Divergent is different from Fahrenheit 451 in that the Erudite faction keeps libraries and attracts many readers. Some of the other factions do not have as much use for books, but there appears to be no censorship. Still, there is great pressure to conform within each faction. While there are no “firemen” as in the Bradbury novel, the Dauntless traitors (whoso readeth let him understand) are convinced that they must get rid of the Abnegation faction for the good of society at large. They are internal “firemen” or “brain police” in that sense.

Divergent
society is more like Brave New World than any of the others. Brave New World has its society ordered by physical and intellectual capability inbred by creating “test tube babies.” It is a dictatorship, except that everyone fits in because they are genetically created to fit in. John, the novel’s tragic hero, is different because he has a natural mother. (Mother is a naughty word there.)

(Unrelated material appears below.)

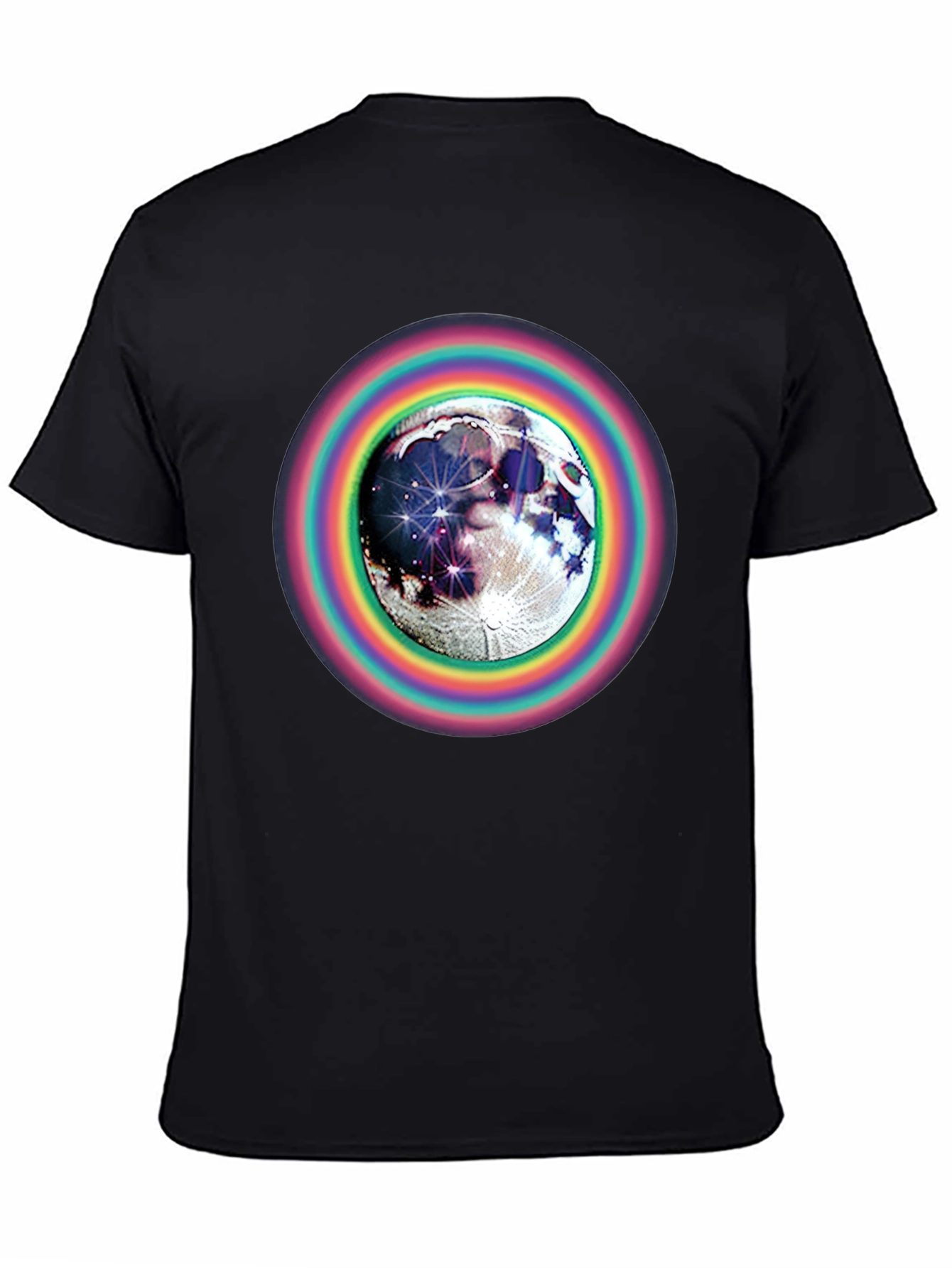 Moon & Rainbow Circle Graphic Black T-Shirt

Interestingly, I was told by Huxley expert David Bradshaw of Oxford that when Aldous Huxley wrote Brave New World in the 1930’s, he was not writing it as a dystopia. Like many Europeans and Americans in the early part of the last century (think Woodrow Wilson along with the usual suspects like Hitler, Stalin, Mao, and Ho), Huxley was fascinated by the idea of a planned society. He was also interested in the potential of mind-altering drugs. Only after the Stalinist purges and World War II did he write his famous preface to the novel.

Rather than genetic planning as in Brave New World or Nazi Germany, and rather than economic class planning as in socialist or communist countries, the Chicagoland of Divergent is reminiscent of current educational systems. Standardized tests in most countries with higher education systems today are meant to show a student’s aptitude for various skills or interests. It easy for readers in most places today to imagine such tests becoming a means to socially and politically pigeonhole people and make them conform to a certain type. Scary. The story makes a good case for avoiding schools operated by the government.

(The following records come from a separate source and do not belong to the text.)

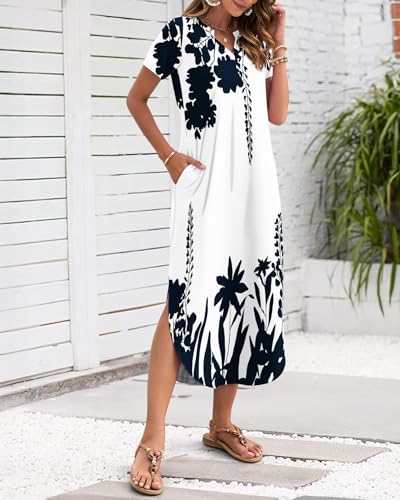Image of MISFAY Women's Summer Maxi Dress 2026 Casual Short Sleeves V Neck Loose Sundress Split Long Beach T Shirt Dress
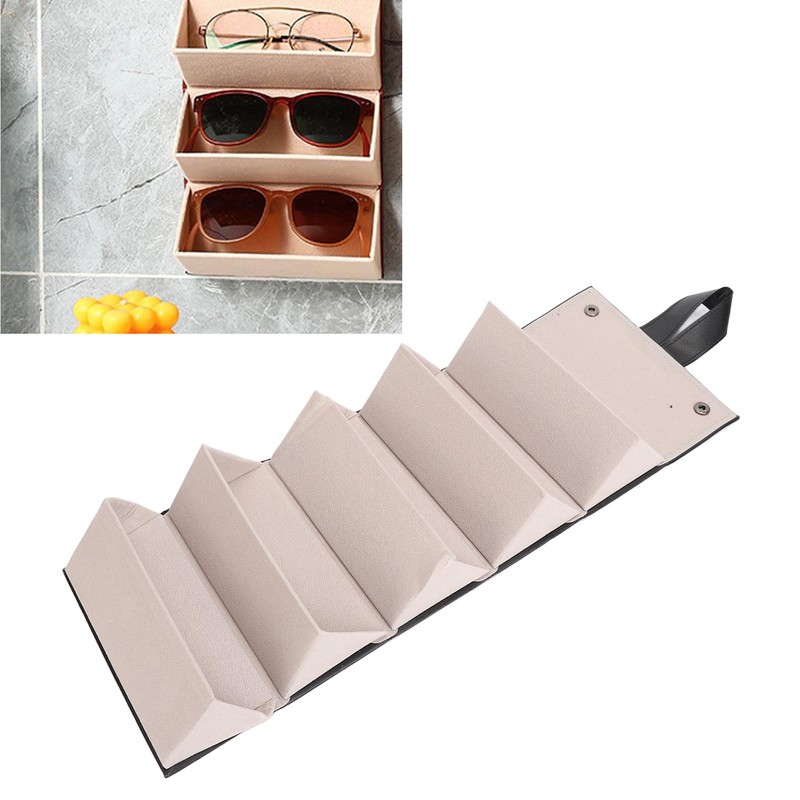 5 Slot Eyeglasses Storage Case Black Folding Multi Compartment Sunglass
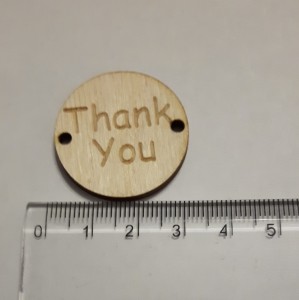 Zawieszka drewniana  "Thank you" 30mm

Still, Divergent‘s potential dystopia is most like the scariest dystopia of them all. Like the Huxley of 1933, its author of this dystopia did not mean for it to be one. The Insurgent novel raises questions about elitism. Abnegation people are selected to make laws because they are supposed to be selfless. The Erudite leader wants to take over because she sees herself as being more intelligent and understanding better what people want than they do themselves. What is that but one more iteration of the philosopher-kings of Plato’s Republic? (Why not English-teacher-kings?) As longtime Governor of Plymouth Colony William Bradford noted about Plymouth’s own communal experiment:

The experience that we had in this common course and condition, tried sundry years and that amongst godly and sober men, may well evince the vanity of that conceit of Plato’s and other ancients applauded by some in later times; that the taking away of property and bringing in community in a commonwealth would make them happy and flourishing; as if they were wiser than God. (On Plymouth Plantation 1623)

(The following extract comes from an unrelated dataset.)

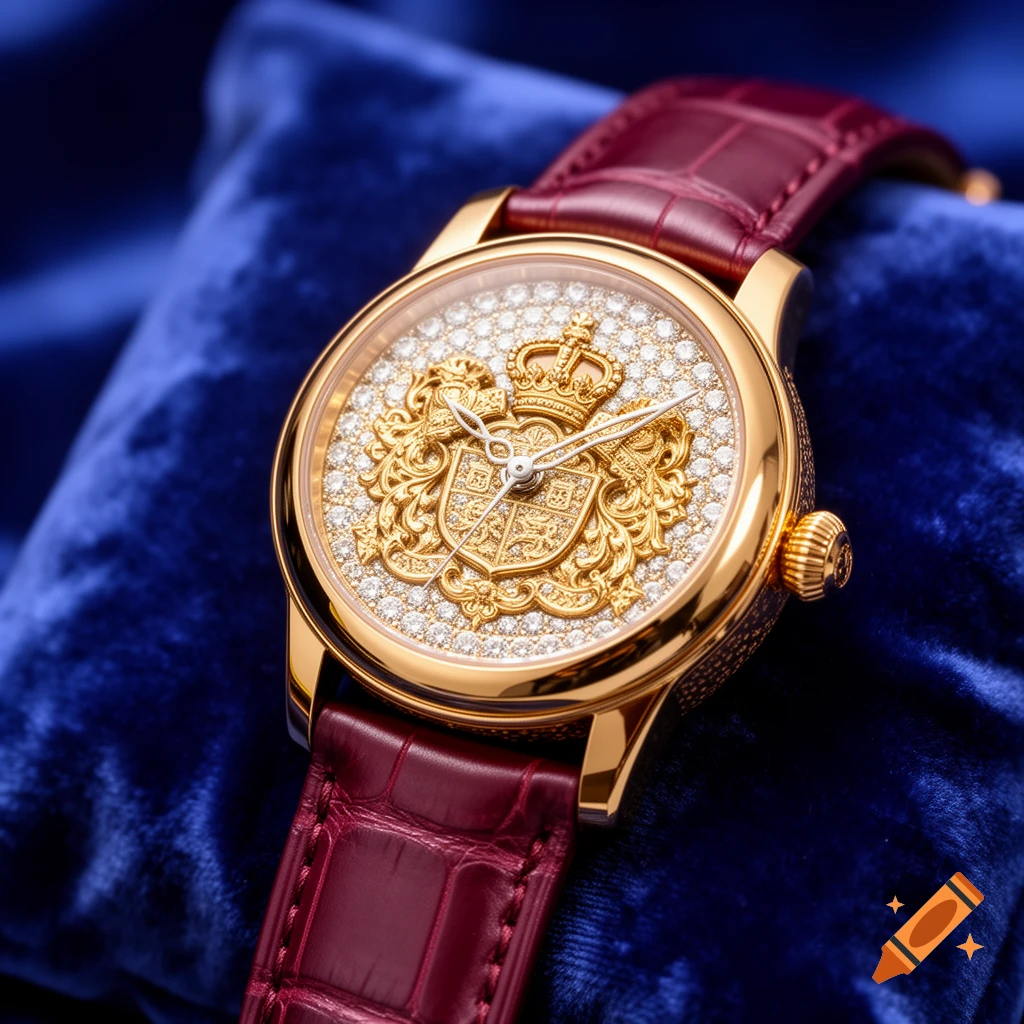Luxurious gold watch with a diamond-studded face and ornate gold crest, featuring a burgundy leather strap, resting on blue velvet.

Though with an idealistic Abnegation background, Tris loves the freedom of the wild Dauntless faction. Though selfish and brutal, it is the closest she can be to free in her planned society. For planned societies are never free. Communism and fascism are both brutal. No “top-down” social order fully recognizes humanity’s gifts from God. Such governments force man to go against his nature and conscience—his “better angels” as Lincoln called them.

Since book three has not yet been released, no reader knows what is beyond Roth’s Chicagoland society, but pigeonholing everyone into a mere five categories is tyrannical, a caste system. There are always “divergents.” God is a creator of infinite variety. And the Kingdom of God is where we all were meant to belong.

For a review of the final book in the trilogy, see our review of Allegiant.

3 thoughts on “Divergent and Insurgent – Review”

  1. Oh my gosh! I JUST finished reading the second one, Insurgent , which was just as good (if not better) than the first one. I really like these, I’m glad you liked it too! I totally did the same thing and read them in one sitting!